Reviewer 2: 2. In lines 85-87 on page 5, the authors claimed that "local structural fingerprints such as the Smooth Overlap of Atomic Positions (SOAP) may be unable to distinguish between certain atomic environments." This statement underscores their preference for AMD over SOAP. It would be beneficial to showcase instances where SOAP falls short in discerning vital structural variances in zeolites, which AMD can discern.

Authors: Recent works by Podznyakov, Ceriotti et al. [1, 2] have demonstrated several counterexamples to the injectivity of SOAP descriptors. On the other hand, the PDD, from which the AMD can be derived, was demonstrated by some of us [3] to be a complete and continuous invariant for all periodic crystals in general position. The four-connected neighborhoods seen in SiO2 networks are similar to the CH4 examples demonstrated in [1, 2]. While this does not prove that the SOAP vectors necessarily do not distinguish between atomic environments in zeolites (nor that degenerate environments exist within the dataset under analysis), it motivates the use of different representations for representing distances between crystal structures. Demonstrating the shortcomings of SOAP and other descriptors is beyond the scope of this manuscript, as finding such counterexamples and rationalizing them can lead to standalone investigations, as demonstrated by [1, 2].
To better frame this point, we have rewritten the sentence to focus on structure-synthesis relationships rather than the properties of the descriptor. We also perform the same analysis made in the paper using SOAP instead of the AMD, achieving comparable results. The discussion on the degeneracies of SOAP was moved to the Methods section, where we expand on the details of the SOAP analysis.

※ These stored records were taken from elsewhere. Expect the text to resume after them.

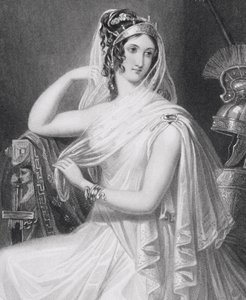 Helene av Troja, ca. 1845 av English School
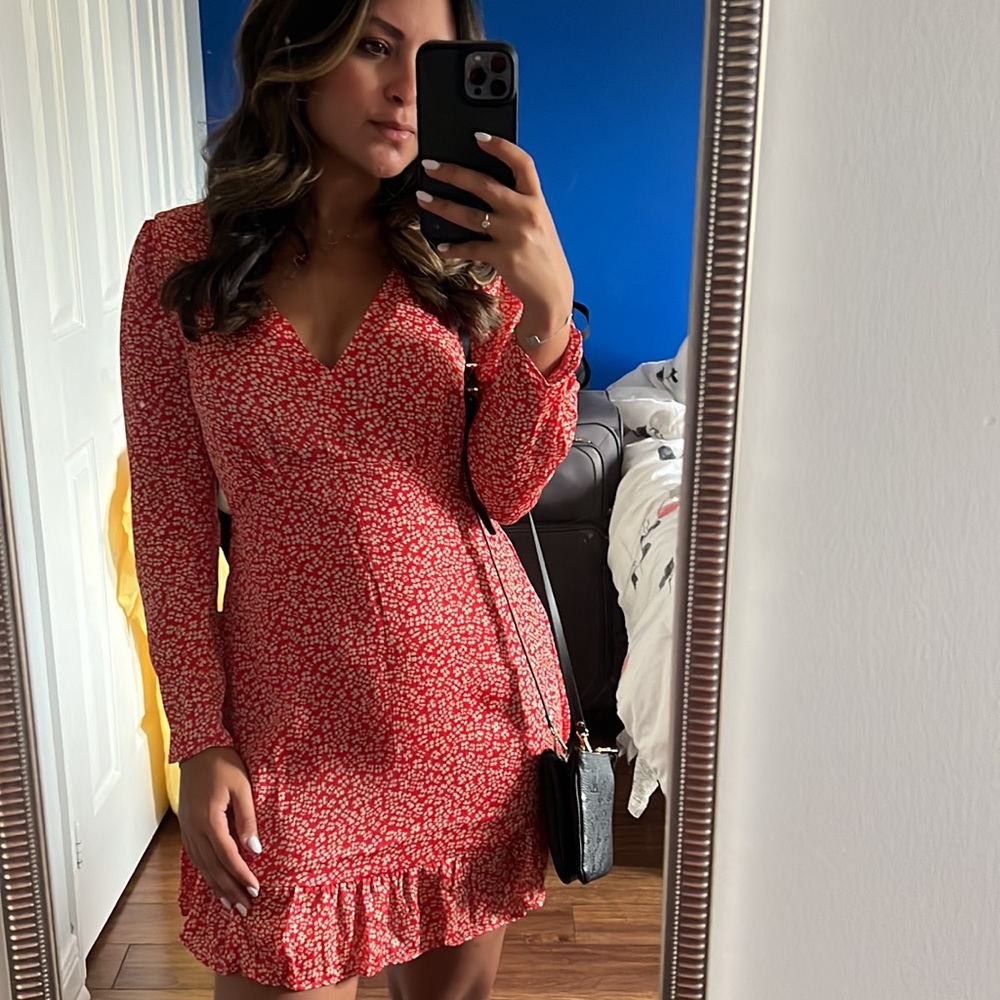 Mango dress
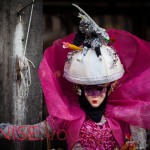 photo insolite du carnaval de Venise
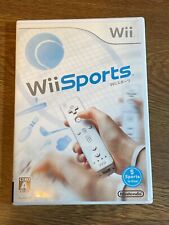 NNINTENDO Wii JAPÓN NTSC WII WII SPORTS, usado segunda mano  Embacar hacia Argentina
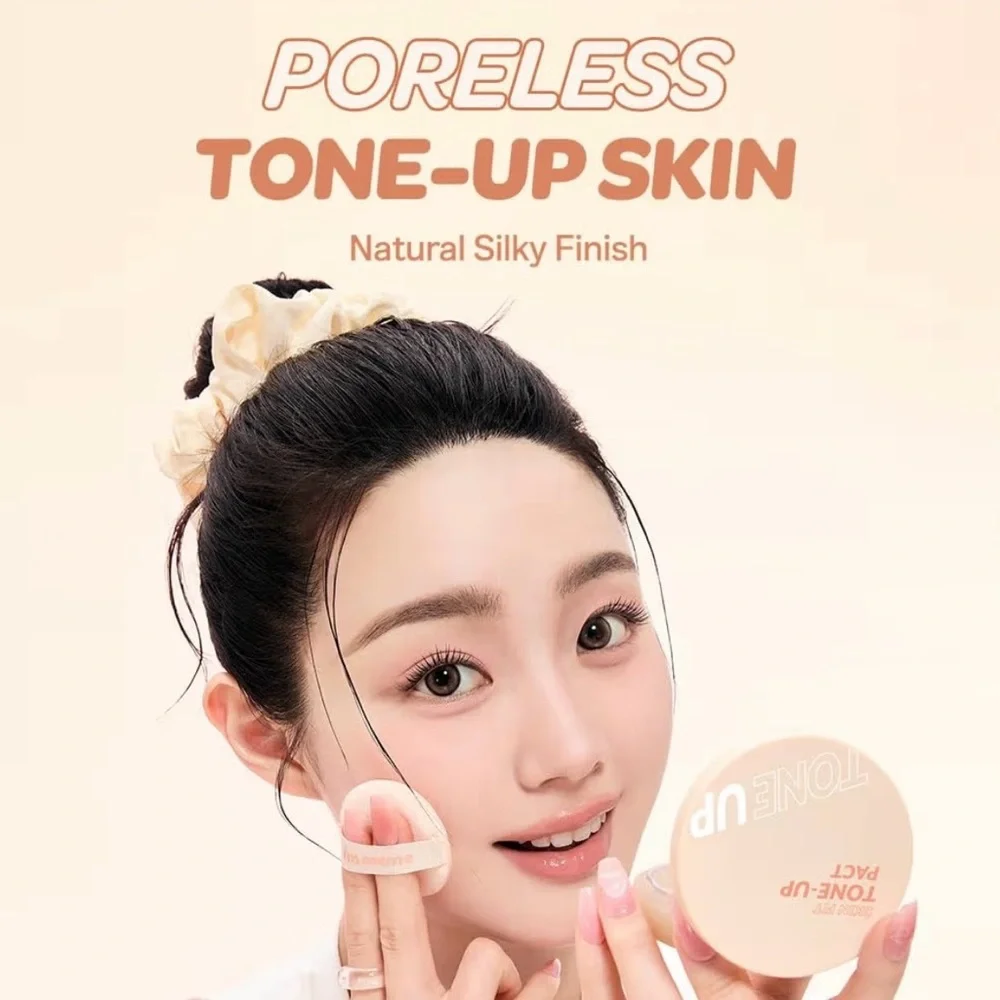 I’m Meme Skin Fit Tone Up Pact Flawless Finish Powder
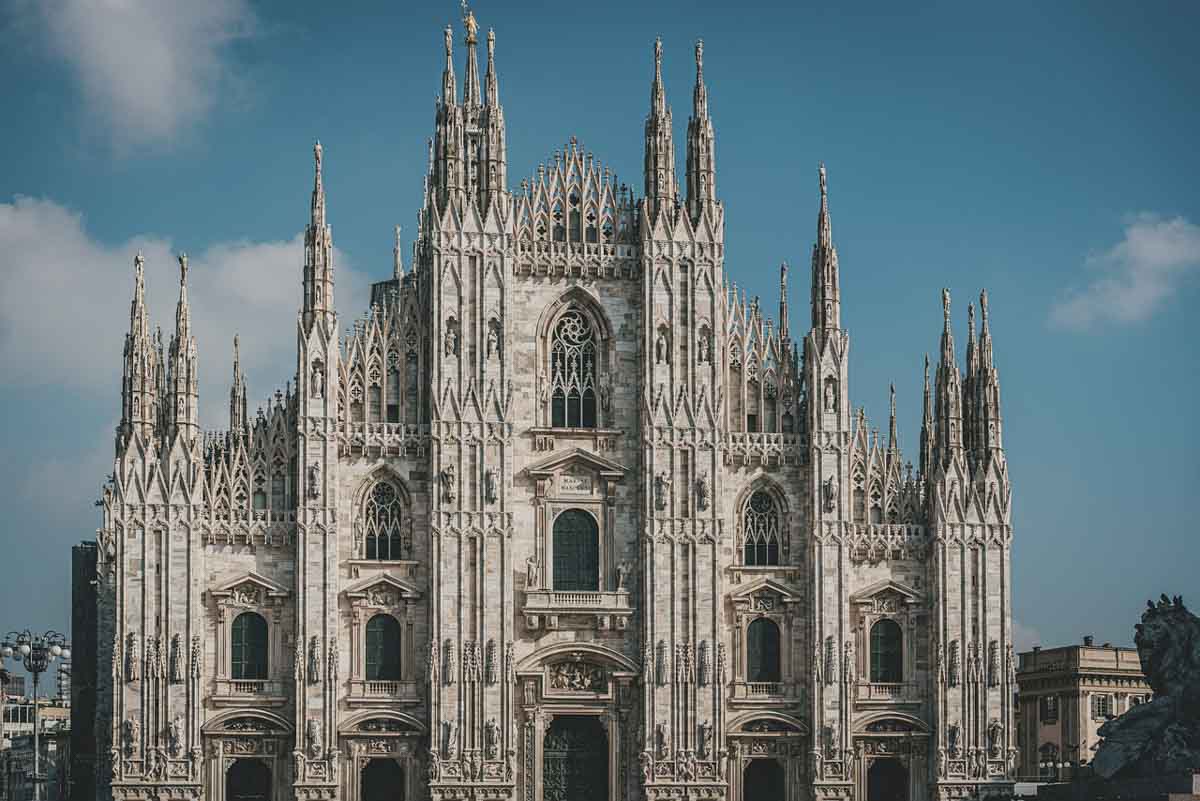 Best babymoon destinations in Europe: Milan Italy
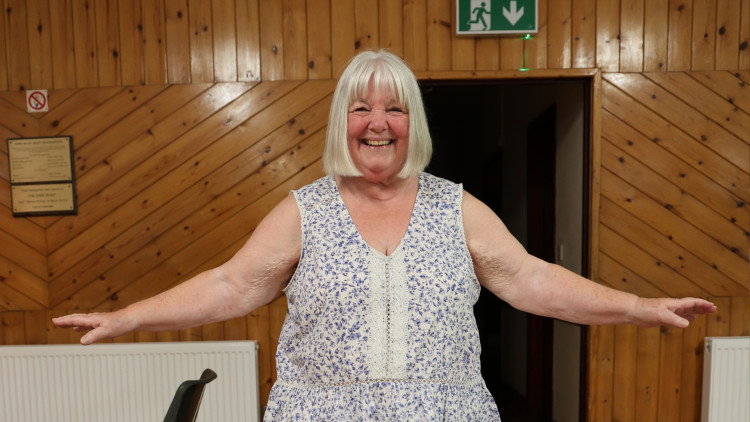 Pam Dale has spoken of her experience completing One You Cheshire East's Stand Strong programme (Credit: Supplied)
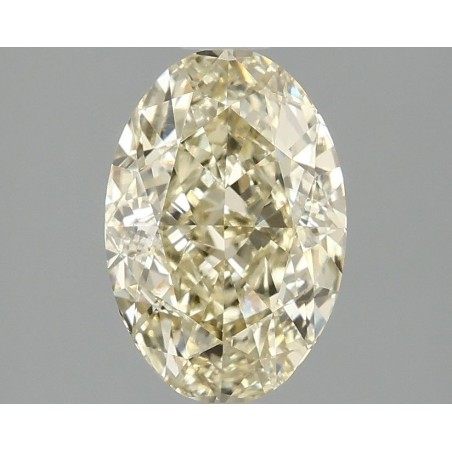 Diament laboratoryjny o barwie fantazyjnej szlif owalny, 2.08ct, VVS2, Fancy Intense Yellow, IGI LG694525901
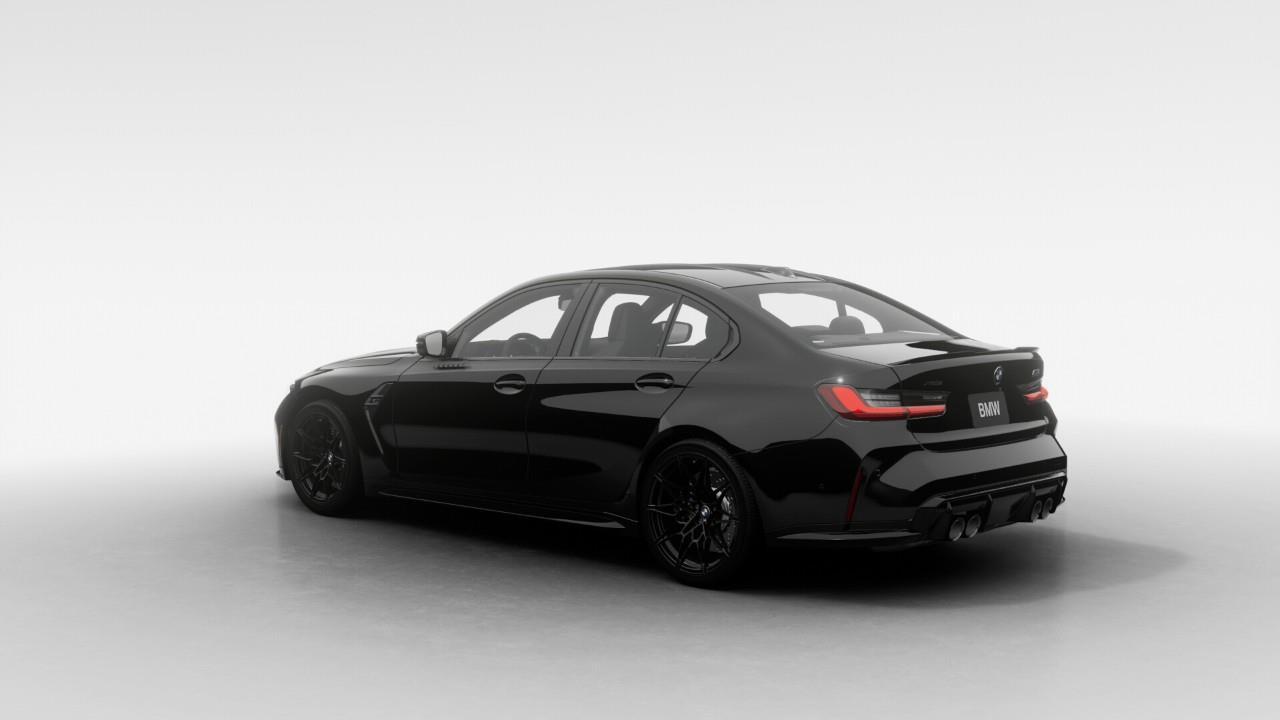 2027 BMW M3 Competition 4dr All-Wheel Drive Sedan Photo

[1] - https://doi.org/10.1103/PhysRevLett.125.166001
[2] - https://arxiv.org/abs/2109.11440
[3] - https://proceedings.neurips.cc/paper_files/paper/2022/hash/9c256fa1965318b7fcb9ed104c265540-Abstract-Conference.html

Reviewer 2: 3. In lines 97-99 on page 5, the authors observe a weak correlation between AMDs, density differences, and SOAP distances but almost no correlation with previously known graph-based distances. Why? If such divergence exists between graph-based distances and AMD, could AMD overlook critical graph and structural features of zeolites? Which one is better? More mechanistic insights on AMD and other metrics should be addressed.

Authors: As graph distances do not consider the structural diversity of zeolites, but only their connectivity, distortions in the atomic structure without breaking Si-O covalent bonds can lead to equivalent graphs. One of us has discussed this issue in extensive detail in a previous publication [1]. The reviewer is correct that absence of correlation between representations can lead to complementary results. In fact, it was demonstrated that graph similarity between zeolites can recover diffusionless phase transformations [1], but not phenomena typically attributed to building units. Predicting intergrowth was only possible by combining structure and graph similarity [1], but cannot be observed using structural similarity alone.
In this perspective, our work is less about the mechanistic insight on AMD, and more about what physical phenomena can be derived from this representation. Several other works by some of us have explored the AMD and other distances with extensive mathematical rigor [2], including applications in computational chemistry [3, 4]. In many of those cases, it was demonstrated that the definition of rigorous structural invariants allows the deduplication of crystal structures without false positives, and provide numerous demonstrations for such.
Building on these results, in the current manuscript, we demonstrate how the use of AMD can predict similarities in inorganic synthesis conditions. Whereas this result could be achieved with other representations, the AMD offers unparalleled computational efficiency to do so, enabling us to compute distance matrices between all hypothetical and known zeolites (about 330,000 x 250 = 82.5M distances between vectors) without resorting to high-performance computing facilities.
The definition of a “better” representation, therefore, may not be adequate for investigations such as this one. We believe there should not be a single champion representation, but a diverse set of methods that can achieve complementary goals. In this context, our investigation demonstrates the use of structural similarity (specifically, distances computed with the AMD and SOAP methods) for the prediction of inorganic synthesis conditions in zeolites, a topic that has not been explored in the literature before.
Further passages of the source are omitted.